There's not a hell of a lot you or I can do to stop them, short of not joining them and convincing others to not join them. (Carpet-bombing them into the Stone Age might be as effective as it was in North Vietnam, and sending in troops is exactly what they want.) But Facebook's profile image overlay of the French flag gave users a chance to send a message. Not just a message of support for the people of France, but a message to the terrorists. A wall of people from all around the world standing shoulder to shoulder, middle fingers raised, saying "FUCK YOU" with one voice.

It didn't last.

Almost immediately there came the point-and-laugh brigade. "Haha, what do you stupid assholes think you're doing? Y'all ain't doin' shit!" At the same time, Facebook had made this into a temporary option: at the time you modified your profile picture, you could also specify a date when the image would revert. (There were rumors that the rainbow flag image was a social media experiment to see how long users would keep it up, and - probably - under what circumstances they would take it down.)

And then some of the images began being replaced with a new image, mocking the original idea, suggesting that anyone who thought they were helping or changing anything by changing their profile picture was an idiot.

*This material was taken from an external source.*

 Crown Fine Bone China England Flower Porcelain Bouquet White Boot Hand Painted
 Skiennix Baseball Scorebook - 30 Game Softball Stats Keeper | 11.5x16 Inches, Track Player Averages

And now, a week after the attacks, most of the images are gone. Taken down, or timed out. Politicians are taking strong and resolute stands about cowering in fear from not just the terrorists, but from anyone who is trying to flee the terrorists, on the assumption that these people might also possibly maybe perhaps have amongst their number a terrorist posing as a refugee. The leading candidate to be the Republican 2016 Presidential nominee is agreeing that registration and monitoring of Muslims is a good idea, while Rhode Island state Senator suggests that the U.S. needs to segregate - or, should we say, concentrate - Syrian refugees into camps.

I don't know where this is going. Maybe in a little while it will be as forgotten as the events of last year. I just wanted to put this out there as a reminder of the events of November 13, 2015, and the way some people chose to respond.